(EXERCISE INSTRUCTIONS) Below are some records: retype them all exactly, but not the pictures.
=== DATA FOR THIS EXERCISE ===
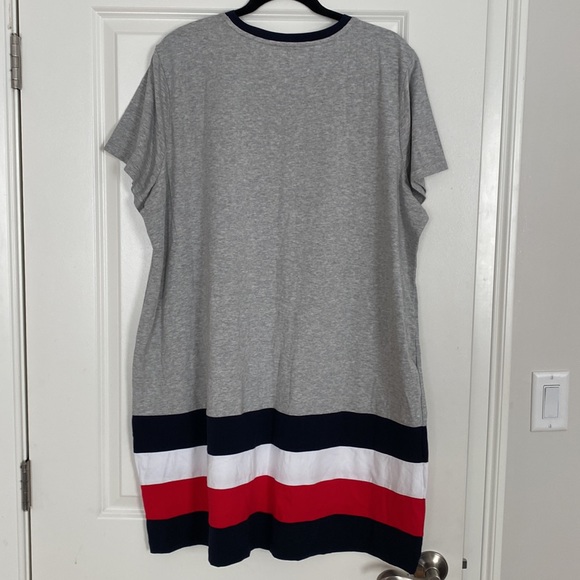 Tommy Hilfiger dress - Picture 8 of 10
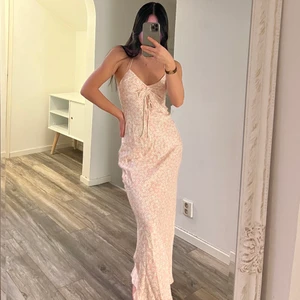 Zara blommig klänning storlek XS - Sååå fin rosa blommig klänning från zara i strl XS. Har tyvärr bara blivit kvarliggandes i garderoben efter sommaren. Helt ny med prislapp kvar! Köptes för 399, säljer för 300. Frakt tillkommer på 66kr spårbart, annars går det bra att hämta upp i centrala Göteborg🌸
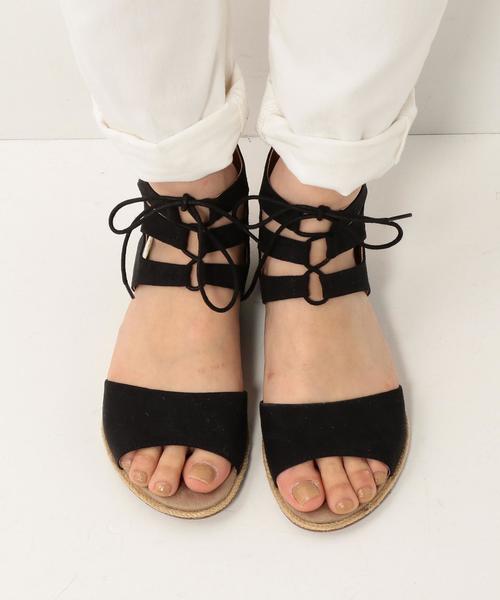 coen（コーエン）の「レースアップサンダル2（サンダル・レディース・ブラック/ダークブラウン/ベージュ・SMALL/LARGE/MEDIUM）」の14枚目の写真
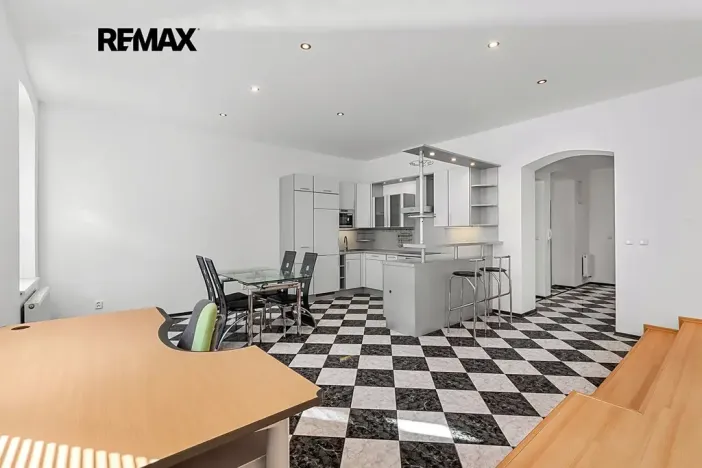 Prodej bytu 2+kk, Plzeň, Karlova, 86 m2
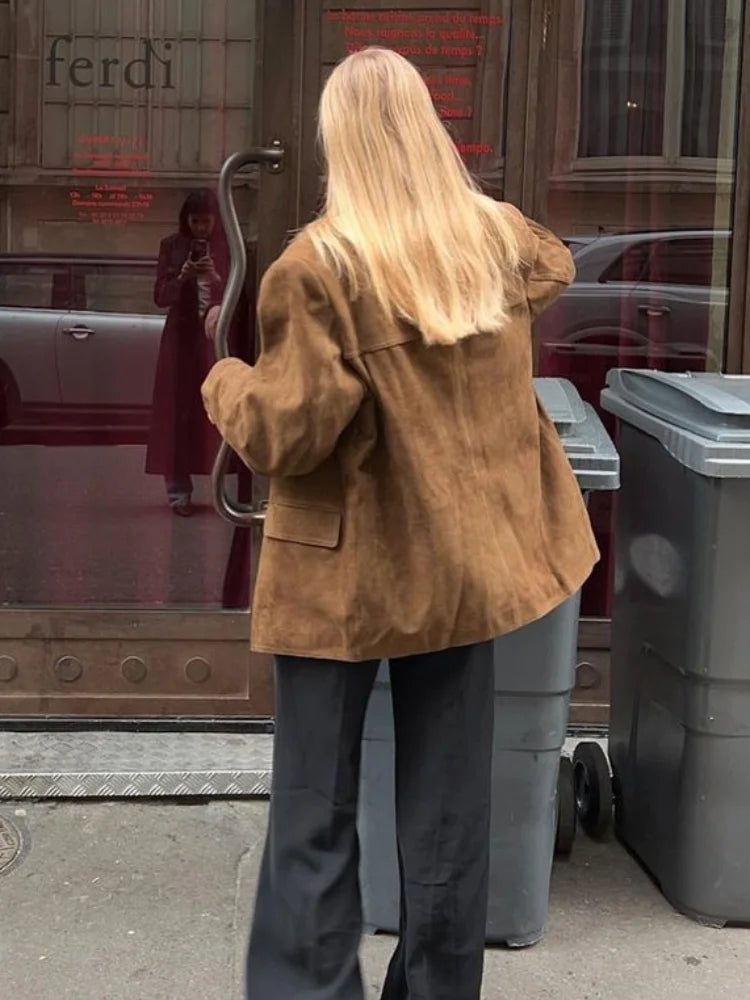Elegante giacca autunnale da donna con tasche frontali, perfetta per la moda femminile di stagione.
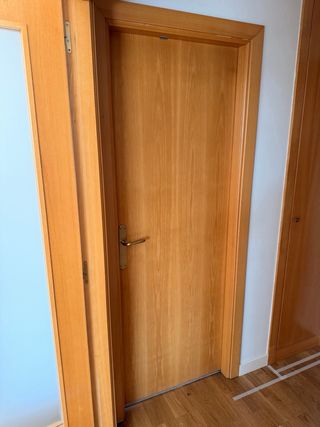 Conjunto de 6 puertas de madera interior con pomos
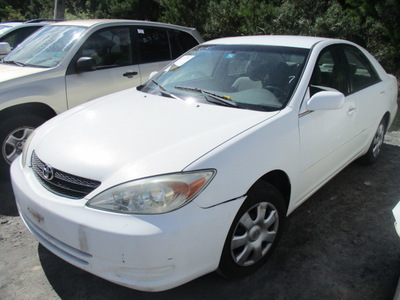 toyota camry le xle se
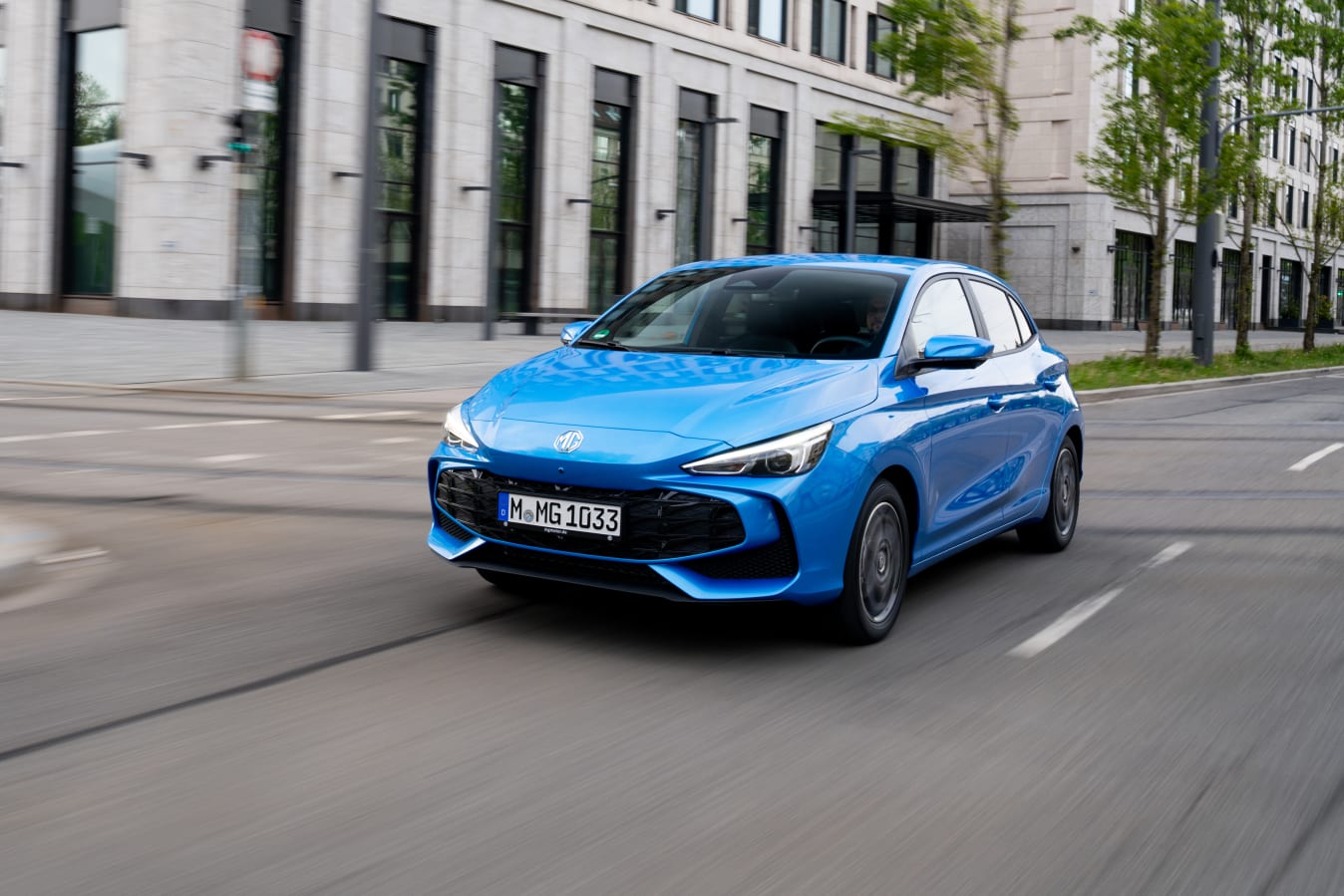 Der MG3 Hybrid+ fährt auf der Straße.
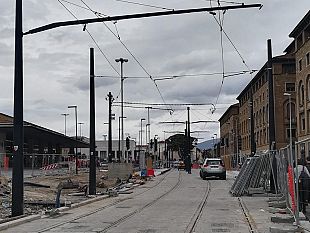 tramvia-pali-a-santa-maria-novella-alimentazione-da-terra-nel-progetto-2013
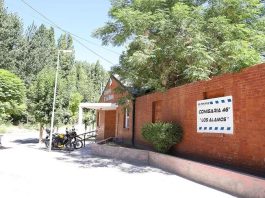 Intento de robo en Neuquén: una mujer encontró a un delincuente en el baño de su casa y lo encerró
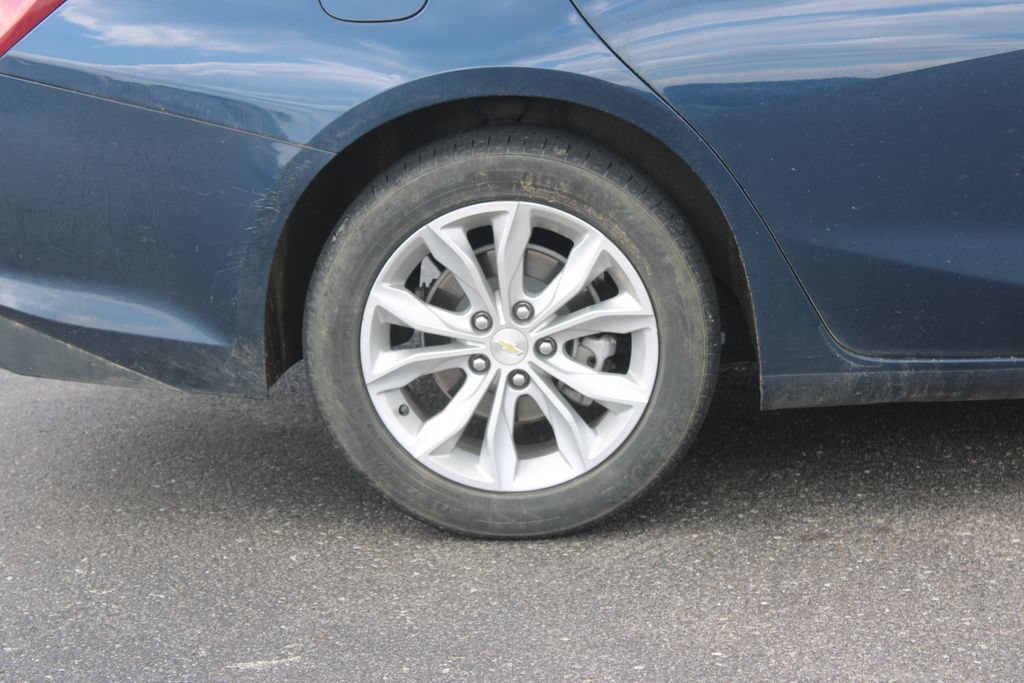 Used 2022 Chevrolet Malibu LT FWD image 12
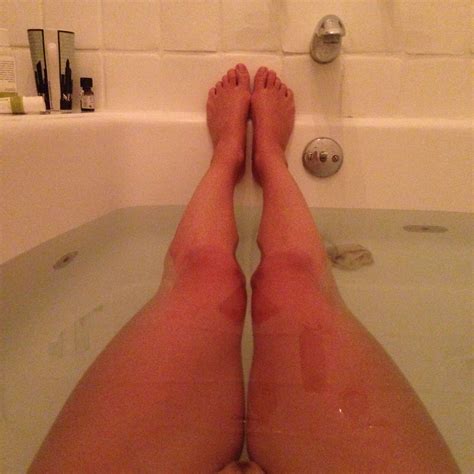 Naked Yvonne Strahovski In Icloud Leak Scandal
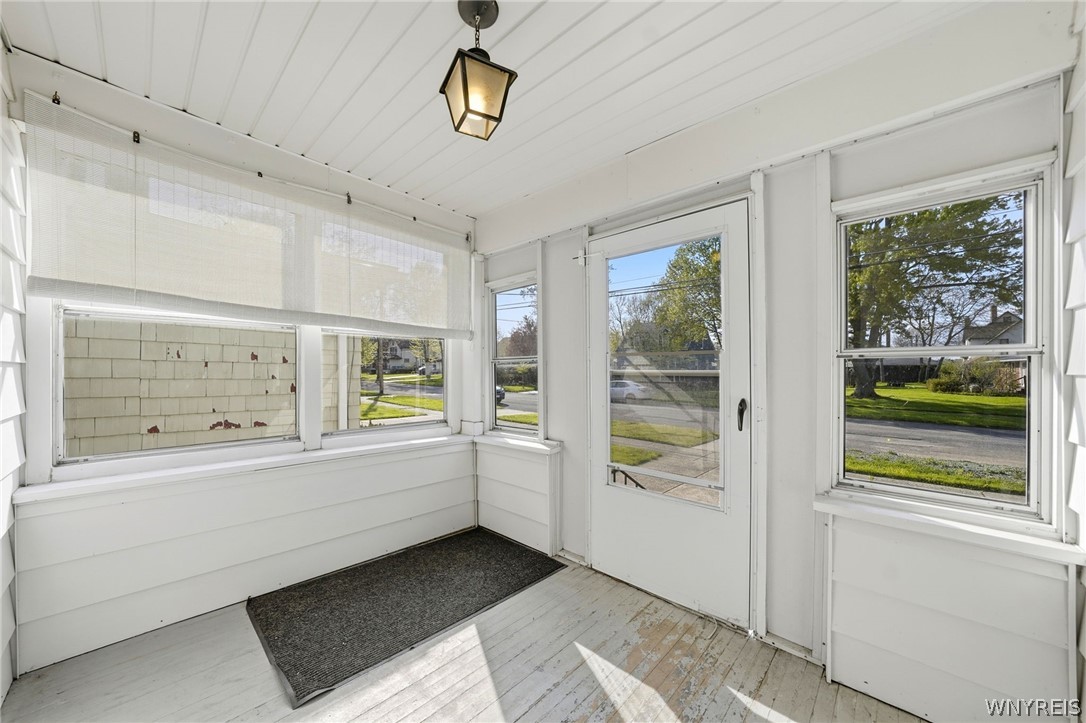 413 Adam Street Tonawanda, NY 14150 - Photo 5 of 50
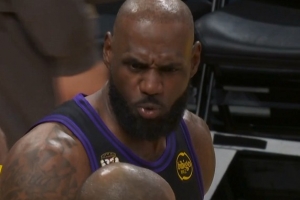 很是不解！湖人第三节最后一攻 詹姆斯接球冲筐被吹走步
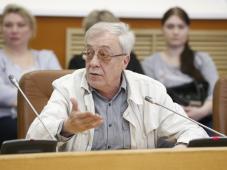 30 марта 2016 г. Великий Новгород. совещание по вопросу размещения высотной смотровой площадки на Веселой горке в Кремлевском парке. Фото Игоря Белова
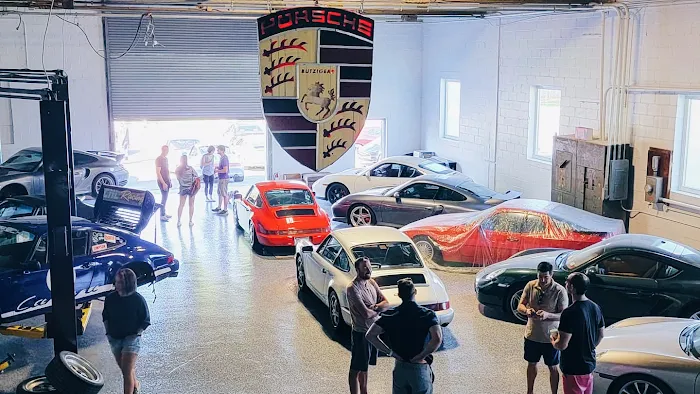 BUTZIGEAR - The Porsche Shop 9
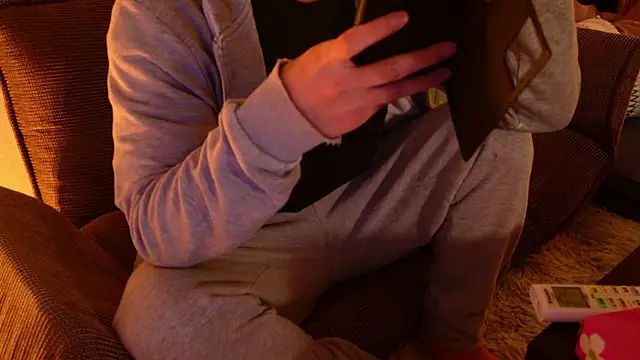 Snapshot of Ashinaga_oj chatting on 01.10.25 Ashinaga oj online show from 01.10.25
===
(COMPLETED EXERCISE)
 Tommy Hilfiger dress - Picture 8 of 10
 Zara blommig klänning storlek XS - Sååå fin rosa blommig klänning från zara i strl XS. Har tyvärr bara blivit kvarliggandes i garderoben efter sommaren. Helt ny med prislapp kvar! Köptes för 399, säljer för 300. Frakt tillkommer på 66kr spårbart, annars går det bra att hämta upp i centrala Göteborg🌸
 coen（コーエン）の「レースアップサンダル2（サンダル・レディース・ブラック/ダークブラウン/ベージュ・SMALL/LARGE/MEDIUM）」の14枚目の写真
 Prodej bytu 2+kk, Plzeň, Karlova, 86 m2
Elegante giacca autunnale da donna con tasche frontali, perfetta per la moda femminile di stagione.
 Conjunto de 6 puertas de madera interior con pomos
 toyota camry le xle se
 Der MG3 Hybrid+ fährt auf der Straße.
 tramvia-pali-a-santa-maria-novella-alimentazione-da-terra-nel-progetto-2013
 Intento de robo en Neuquén: una mujer encontró a un delincuente en el baño de su casa y lo encerró
 Used 2022 Chevrolet Malibu LT FWD image 12
 Naked Yvonne Strahovski In Icloud Leak Scandal
 413 Adam Street Tonawanda, NY 14150 - Photo 5 of 50
 很是不解！湖人第三节最后一攻 詹姆斯接球冲筐被吹走步
 30 марта 2016 г. Великий Новгород. совещание по вопросу размещения высотной смотровой площадки на Веселой горке в Кремлевском парке. Фото Игоря Белова
 BUTZIGEAR - The Porsche Shop 9
 Snapshot of Ashinaga_oj chatting on 01.10.25 Ashinaga oj online show from 01.10.25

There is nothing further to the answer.